La salvación puede ser predicada sólo porque ahora se ha hecho manifiesto el poder de Dios en Jesucristo por medio de su resurrección. El apóstol anhela que ese poder de la resurrección se haga manifiesto en su vida con el fin de que él mismo pueda alcanzar la resurrección de los muertos (Fil 3:10-11). La resurrección marca la frontera entre Jesucristo como Hijo de Dios y las demás religiones (incluso el judaísmo) como esfuerzos humanos por alcanzar a Dios. “Todas las divinidades que permanecen a este lado de la línea trazada por la resurrección, que habitan en templos hechos por manos de hombres y son servidas por manos de hombres, todas las divinidades que 'necesitan de alguien', es decir, del hombre, no son Dios” (Karl Barth).

Pablo declara en el verso 16 que no se avergüenza del Evangelio porque es poder de Dios [hecho visible en la resurrección] para salvación. La salvación no implica, pues, un mero aspecto intrahistórico sino la superación de la historia entendida como sujeción del hombre a lo meramente dado.

La resurrección plantea que la salvación no consiste en un mero ardid jurídico sino en una verdadera transformación de la persona por medio del Espíritu de Santificación (cf. 2 Cor 3:17-18). La resurrección plantea, además, que la salvación no consiste en una utopía intrahistórica a ser canalizada por medio de la obediencia de los creyentes a las normas éticas del cristianismo.

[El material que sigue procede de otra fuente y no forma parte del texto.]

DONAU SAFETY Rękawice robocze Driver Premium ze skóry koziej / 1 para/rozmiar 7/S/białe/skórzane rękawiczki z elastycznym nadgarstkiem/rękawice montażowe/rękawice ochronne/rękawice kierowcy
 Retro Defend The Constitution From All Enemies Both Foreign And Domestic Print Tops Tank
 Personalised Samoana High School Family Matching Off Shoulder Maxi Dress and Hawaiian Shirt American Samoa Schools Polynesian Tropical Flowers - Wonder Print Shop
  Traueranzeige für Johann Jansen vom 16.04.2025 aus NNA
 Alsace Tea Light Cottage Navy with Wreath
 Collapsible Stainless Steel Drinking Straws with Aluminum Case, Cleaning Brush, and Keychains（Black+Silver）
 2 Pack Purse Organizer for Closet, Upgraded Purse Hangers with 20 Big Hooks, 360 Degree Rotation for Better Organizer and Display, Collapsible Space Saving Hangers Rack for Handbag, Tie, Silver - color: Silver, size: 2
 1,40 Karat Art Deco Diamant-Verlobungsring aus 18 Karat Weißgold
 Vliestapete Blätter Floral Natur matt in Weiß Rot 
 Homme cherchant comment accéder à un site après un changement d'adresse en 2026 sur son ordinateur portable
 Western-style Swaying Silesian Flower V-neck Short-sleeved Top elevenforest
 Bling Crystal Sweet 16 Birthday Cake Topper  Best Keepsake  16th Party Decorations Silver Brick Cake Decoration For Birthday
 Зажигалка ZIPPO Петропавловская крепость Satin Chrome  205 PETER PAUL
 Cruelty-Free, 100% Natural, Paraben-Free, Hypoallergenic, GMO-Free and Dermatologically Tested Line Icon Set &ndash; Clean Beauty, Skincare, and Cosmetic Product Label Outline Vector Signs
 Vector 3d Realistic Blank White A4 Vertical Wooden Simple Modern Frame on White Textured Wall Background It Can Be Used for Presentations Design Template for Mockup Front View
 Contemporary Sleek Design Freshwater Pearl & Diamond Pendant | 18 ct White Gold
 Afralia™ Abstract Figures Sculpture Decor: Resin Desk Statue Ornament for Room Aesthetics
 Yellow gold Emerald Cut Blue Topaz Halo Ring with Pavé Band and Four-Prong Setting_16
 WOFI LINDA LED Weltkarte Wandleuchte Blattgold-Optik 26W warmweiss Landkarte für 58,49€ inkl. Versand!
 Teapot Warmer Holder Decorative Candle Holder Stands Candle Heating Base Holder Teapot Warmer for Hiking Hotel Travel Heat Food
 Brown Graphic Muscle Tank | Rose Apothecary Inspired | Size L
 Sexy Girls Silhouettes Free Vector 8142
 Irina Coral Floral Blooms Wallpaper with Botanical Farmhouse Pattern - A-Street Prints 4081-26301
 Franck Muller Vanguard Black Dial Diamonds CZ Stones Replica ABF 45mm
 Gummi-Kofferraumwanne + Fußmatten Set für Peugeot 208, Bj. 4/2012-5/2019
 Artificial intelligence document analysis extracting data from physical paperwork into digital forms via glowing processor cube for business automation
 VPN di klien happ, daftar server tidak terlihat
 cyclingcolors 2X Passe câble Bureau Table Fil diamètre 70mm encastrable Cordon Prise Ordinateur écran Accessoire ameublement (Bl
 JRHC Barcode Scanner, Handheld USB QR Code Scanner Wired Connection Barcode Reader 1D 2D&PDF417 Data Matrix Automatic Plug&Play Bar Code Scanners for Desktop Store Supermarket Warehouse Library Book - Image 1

La resurrección plantea el poder que violenta al mundo en su injusticia por medio del testimonio de los creyentes pero, sobre todo, que lo supera proponiendo al Reino de Dios como esos cielos nuevos y tierra nueva de los cuales la resurrección es sólo una lente por la cual mirar.

La Semana Santa culmina con el domingo de resurrección y este hecho histórico proclamado a viva voz por la iglesia primitiva es el que trastorna el curso de la historia y empuja a cada creyente hacia más allá de la historia, no por medio de un quietismo conformista sino por medio de la acción inconforme del que espera activamente la venida del Reino de Dios y su justicia.